==== DATA EXTRACTS ====
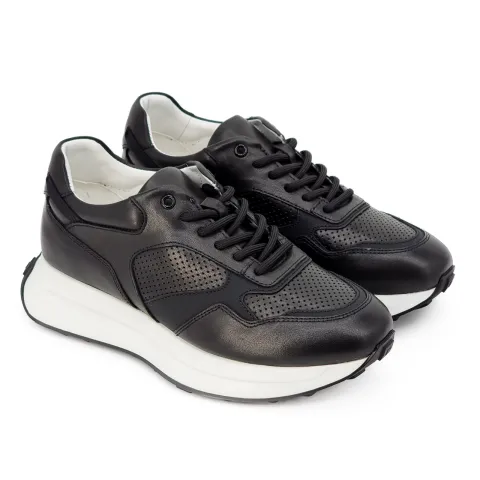 Кроссовки женские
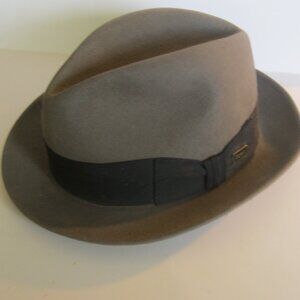 Dobbs Fifth Avenue  Wool Felt Fedora - size 7 1/2"  - Grey/Greige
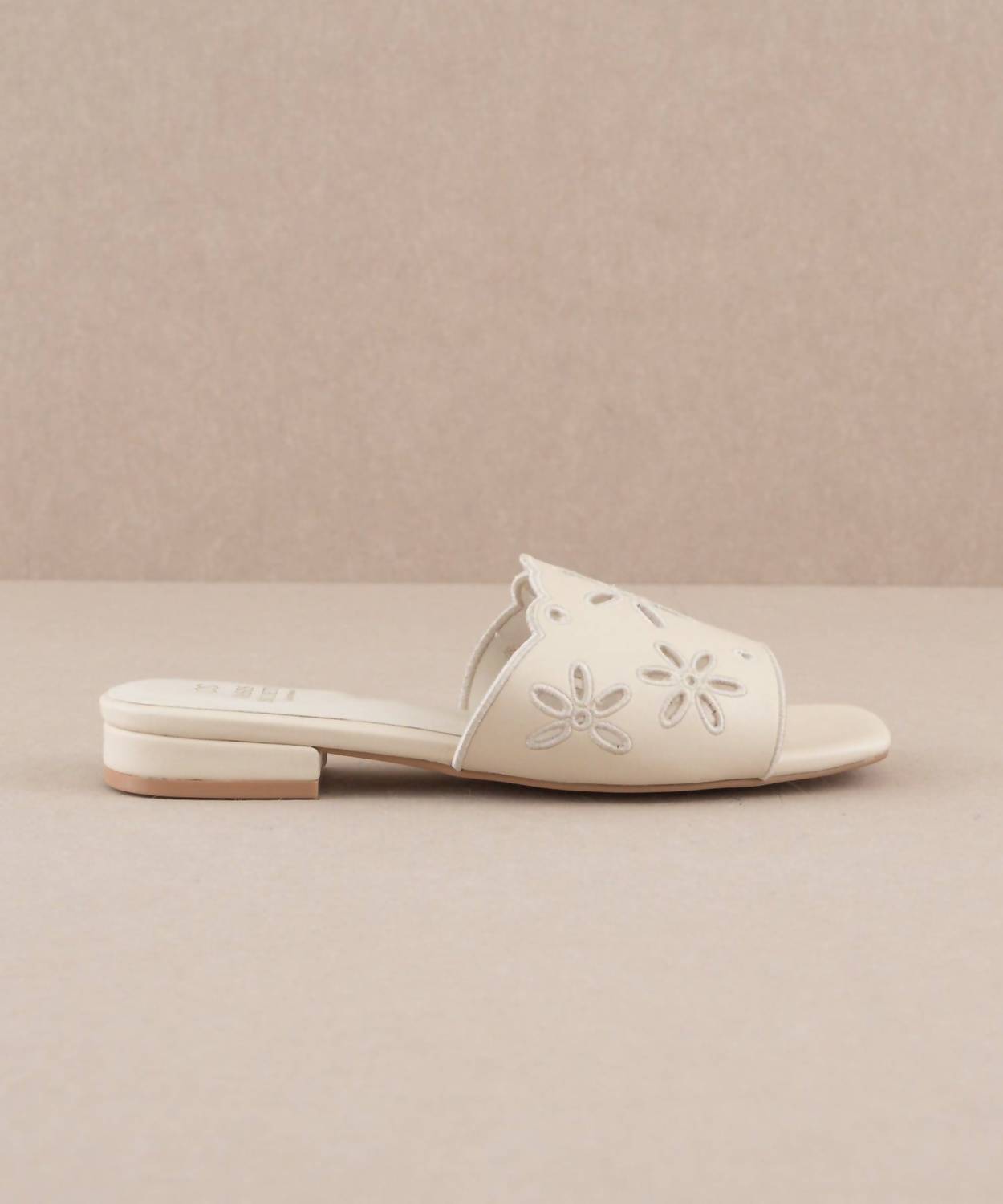 Oasis Society - Women's The Manila Sandal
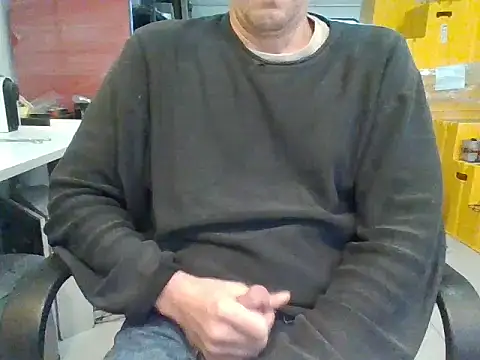 Raimundo1971 online show from 11/12/25, 02:17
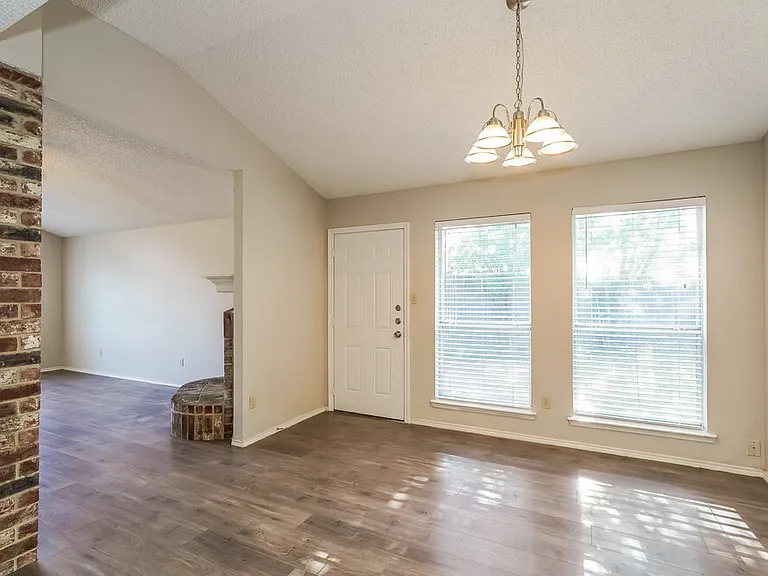 7900 Flowertree Ct — Photo 6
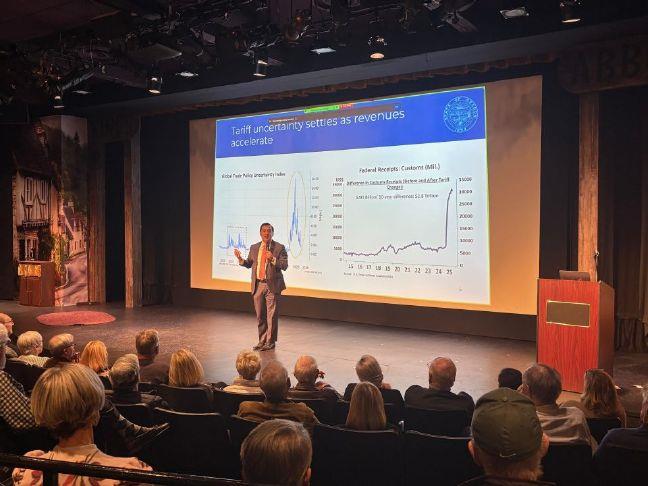 Oregon economist paints mixed 2026 outlook at Lake Oswego talk
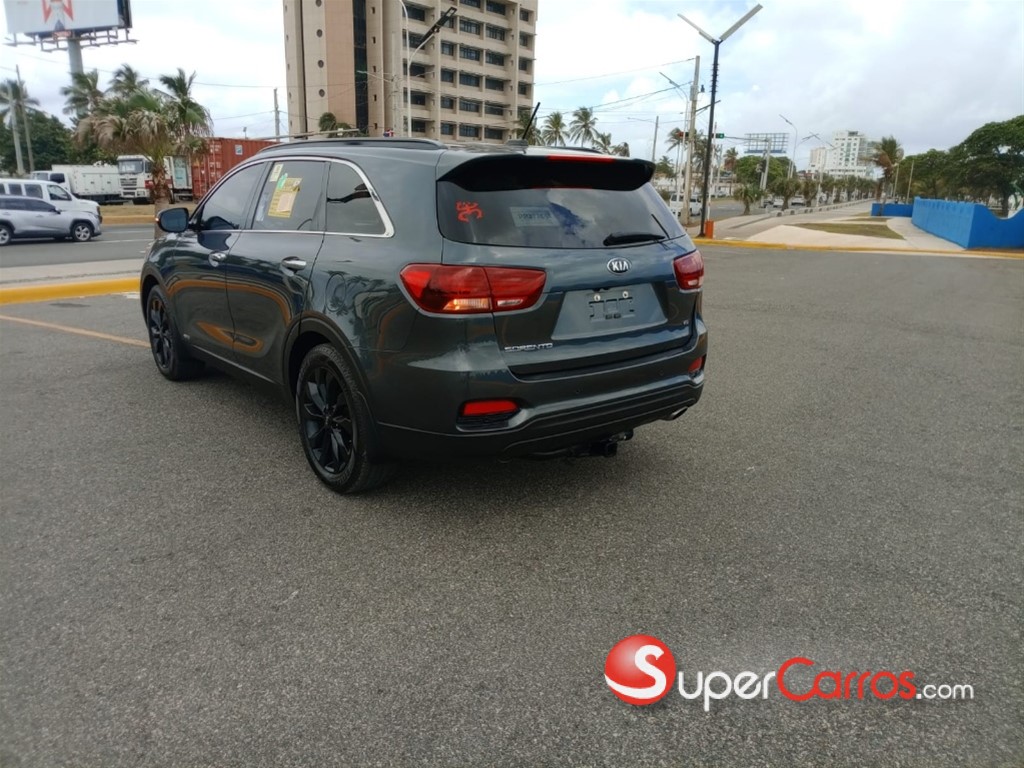 2020 Kia Sorento S — foto 10 / 12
====
» **BRIEF**: All of the material is to be reproduced verbatim, pictures excluded.

» **RESULT OF THE EXERCISE**:
 Кроссовки женские
 Dobbs Fifth Avenue  Wool Felt Fedora - size 7 1/2"  - Grey/Greige
 Oasis Society - Women's The Manila Sandal
 Raimundo1971 online show from 11/12/25, 02:17
 7900 Flowertree Ct — Photo 6
 Oregon economist paints mixed 2026 outlook at Lake Oswego talk
 2020 Kia Sorento S — foto 10 / 12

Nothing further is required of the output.